FMA UK is a brilliant charity which is helping to ensure that people living with fibromyalgia are better understood, never feel alone in their experiences, and can access all the support they need to continue doing the things they love with the people they love. Your sponsorship will help to fund life-enhancing services such as their national helpline, local support groups, online forums, and information booklets for those affected by fibromyalgia as well as healthcare professionals.
In December 2021, I sustained multiple neck fractures while skiing in the Alps and have been working hard to recover my full strength and mobility ever since - running has played a major part in that. My Nan’s life experiences made her extremely compassionate which makes me relieved that she never had to hear about my accident because I can only imagine the emotional toll it would have had on her. The reason I mention this is because I have never felt more connected to my Nan than during my rehabilitation. The overwhelming pain like knives in my skin, the sleepless nights and all the anxiety, the difficulty walking and completing daily tasks, the hating feeling dependent on others and not wanting to be a burden, the feeling trapped in my home and frustrated by the limits of my body. I am lucky that my pain was only ever temporary and have felt strengthened by my Nan’s resolve every step of the way. She is my hero. I’m doing this for her and others in a similar position.
What do the Lullaby Trust do, and why are we running for them?
Heya, Emily here! I am running for the Lullaby Trust. The Lullaby Trust provides support for families affected by Sudden Infant Death Syndrome (SIDS) as well as investing in SIDS research. They support more than 800 bereaved families every year and the rate of SIDS have reduced by 83% since the charity was formed in 1991. It is obvious the positive impact that has been generated by increasing SIDS visibility and awareness. So much information that we think is common sense now, such as babies sleeping on their backs or the risks of co-sleeping came from research funded by the Lullaby Trust.
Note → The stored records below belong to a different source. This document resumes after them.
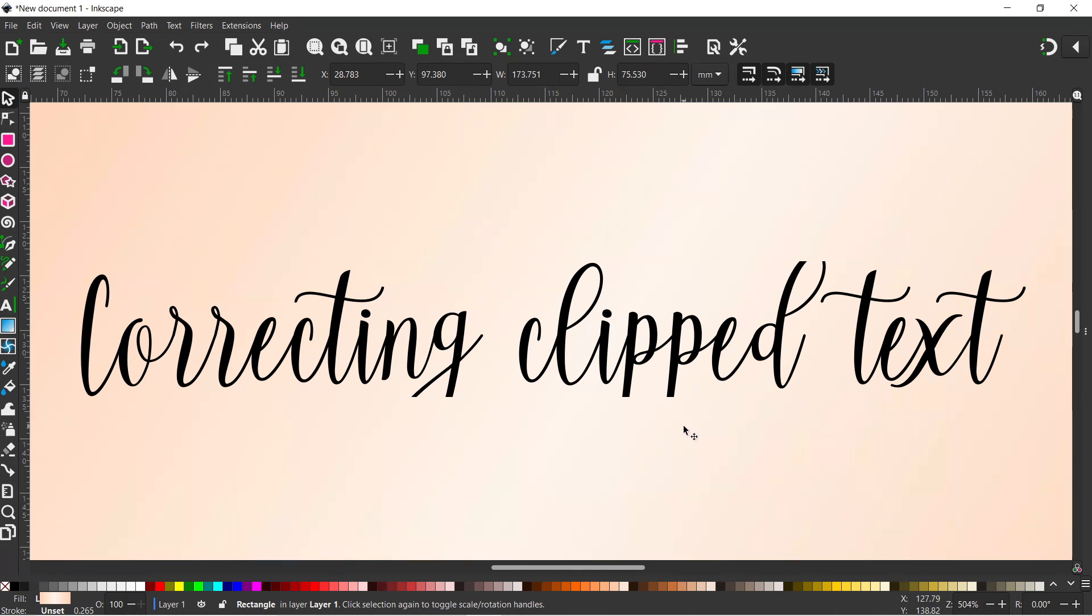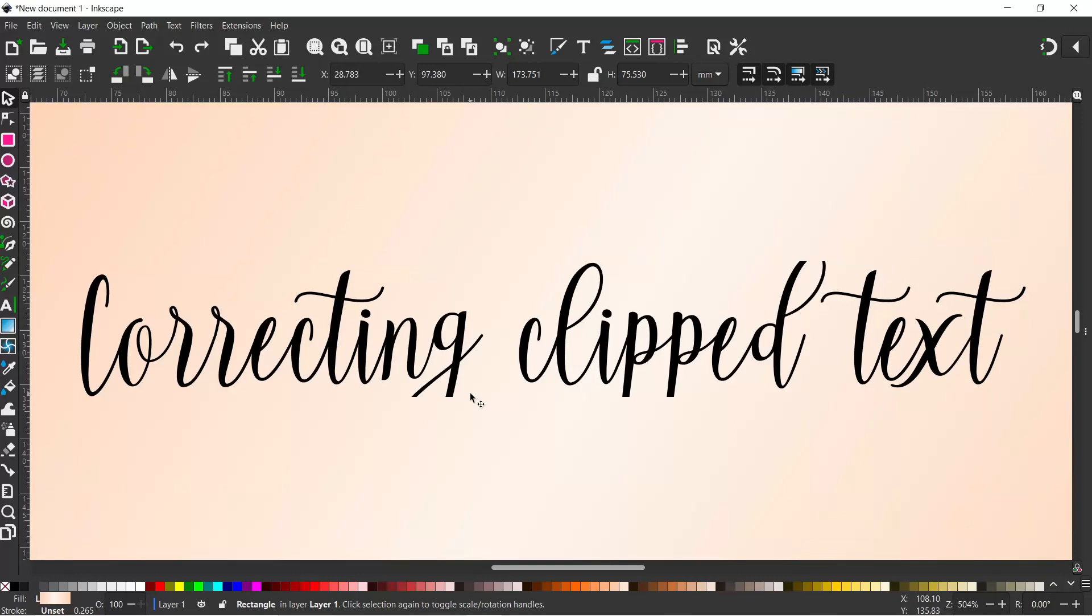If you're using non-standard fonts that you've imported into Inkscape, sometimes when you use them you'll find that sections of the lettering has been clipped off. I'm just going to quickly show you in this video a simple way you can correct this.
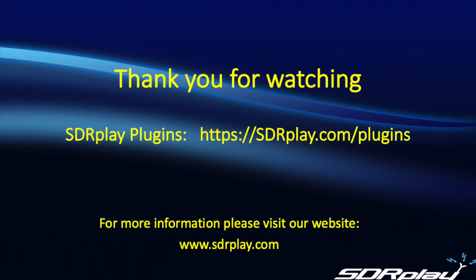That's it for today. I hope you found the information useful. If you want further information on the plugins please visit our website at the link shown.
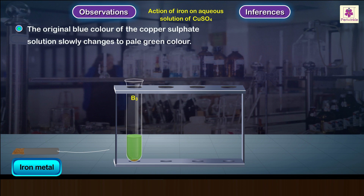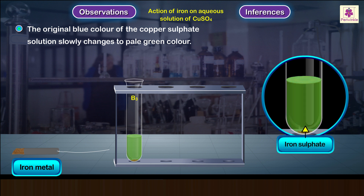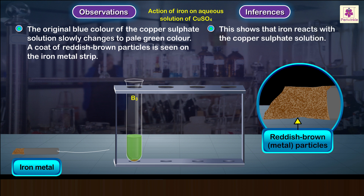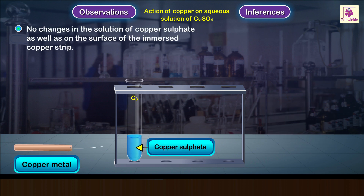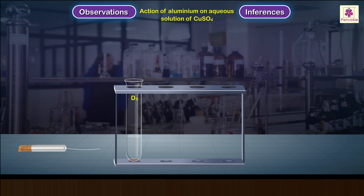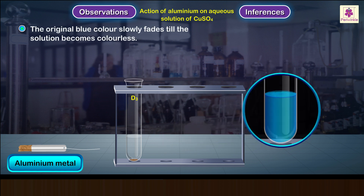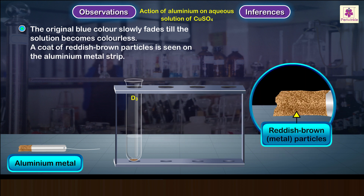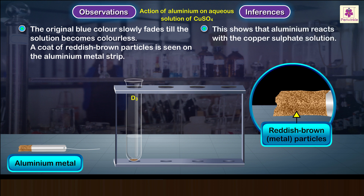Test tube B3 containing iron metal: the original blue color of the copper sulfate solution slowly changes to pale green. A coat of reddish-brown particles is seen on the iron metal strip. This shows that iron reacts with the copper sulfate solution. Test tube C3 containing copper metal: no changes in the copper sulfate solution or on the copper strip surface — no reaction. Test tube D3 containing aluminum metal: the original blue color fades to colorless and a coat of reddish-brown particles is seen on the aluminum strip. Aluminum reacts with the copper sulfate solution.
I am running for the Lullaby Trust, however, in recognition of the support they provided my parents when they lost Ben and when my brothers and I were born. On September 3rd 2000 Ben was born, at 36 hours old he passed away and it was never really clear why. The Lullaby Trust offered immediate bereavement support and counselling for my parents but one of the most influential things the charity runs is the Care of Next Infant (CONI) programme which supports parents if they go on to have other children, as you can only imagine how terrifying that must be. James, Oli, and I were all CONI babies; my mum had more regular checkups while she was pregnant as well as us once we were born and the reassurance was invaluable. The psychological impact of having children after a bereavement is immense but some of the simplest things can make a big difference: we all wore 'movement monitors' that ticked everytime we took a breath meaning my mum could turn her back for 30 seconds, make a cuppa tea, and know we were okay. So much of the support the charity provide is about providing reassurance and removing the sense of isolation for families whether that be through CONI or the community that they create.
The Lullaby Trust is an amazing cause and the money we raise will go toward continuing life-saving research and supporting families that are affected by SIDS. Bereavement at any stage in life is something that never leaves you but the support the Lullaby Trust provides makes it easier to move forward.